The law, which went into effect after a judge's temporary injunction, has been a lightning rod for criticism by civil rights groups, who believe its application would make Arizona fertile ground for state-sanctioned racial profiling, particularly of the state's nearly 2 million Latinos.

Pearce is a member of the Mormon Church.

The schism between Mormons and Latinos can be expected to complicate Romney's drive to duplicate in the general election season the lopsided win he enjoyed in the state on Tuesday night.

That Grand Canyon of a divide is reflected in comments by Kenneth Patrick Smith, leader of a Spanish-speaking Mormon congregation, who told The Arizona Republic that missionaries from his church weren't welcome in Latino communities after the law was signed. Some had doors slammed in their faces.

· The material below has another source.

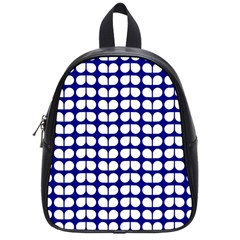 Blue And White Leaf Pattern School Bag (small)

"They say, 'Why would we want to hear anything from a religion that would do this to the Hispanic community?' " said Smith, who said he spoke for himself, not on behalf of the Mormon Church. "It's a great disconnect, because on one hand the missionaries are out there preaching brotherly love, kindness, charity, tolerance, faith, hope, etc., and then they see on TV a quote-unquote Mormon pushing this legislation that makes them not only ... terrified but terrorized."

Image credits: Russell Pearce: Gage Skidmore. Originally published in The Root, Feb. 29, 2012.

Comments

  1. Thanks for checking into Short Sharp Shock. It'll be interesting to watch how the country reacts to Romney's campaign after the general election season begins. Stay tuned ...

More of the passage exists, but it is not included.